What is being asked: Give again, word for word, the lines below that run from the line with "T-shirt męski TSM249" through the line with "2017 Toyota Sienna". Drop the pictures.

Records for processing:
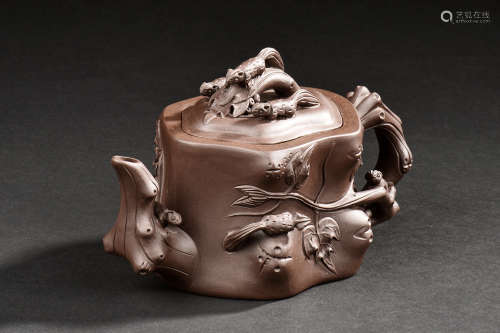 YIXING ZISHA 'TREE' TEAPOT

---

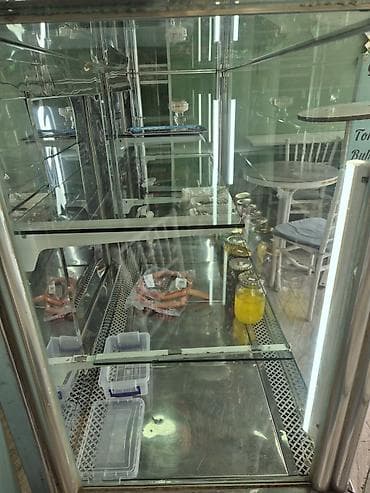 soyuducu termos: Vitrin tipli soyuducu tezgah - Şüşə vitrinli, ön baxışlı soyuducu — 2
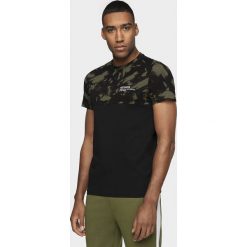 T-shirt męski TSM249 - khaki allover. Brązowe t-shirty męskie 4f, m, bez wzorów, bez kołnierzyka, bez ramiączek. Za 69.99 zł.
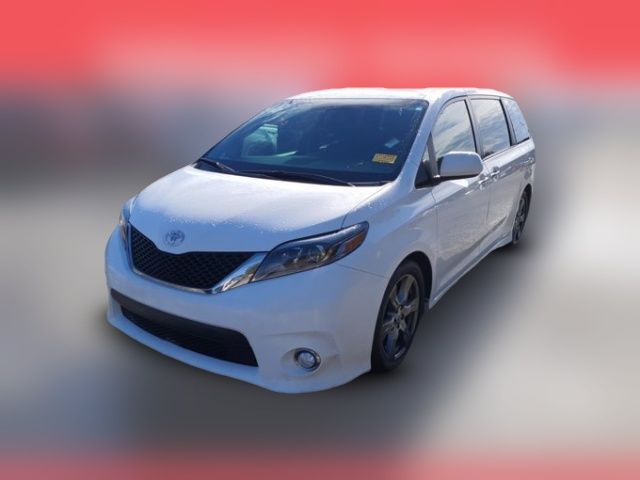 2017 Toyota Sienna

Task result:
 T-shirt męski TSM249 - khaki allover. Brązowe t-shirty męskie 4f, m, bez wzorów, bez kołnierzyka, bez ramiączek. Za 69.99 zł.
 2017 Toyota Sienna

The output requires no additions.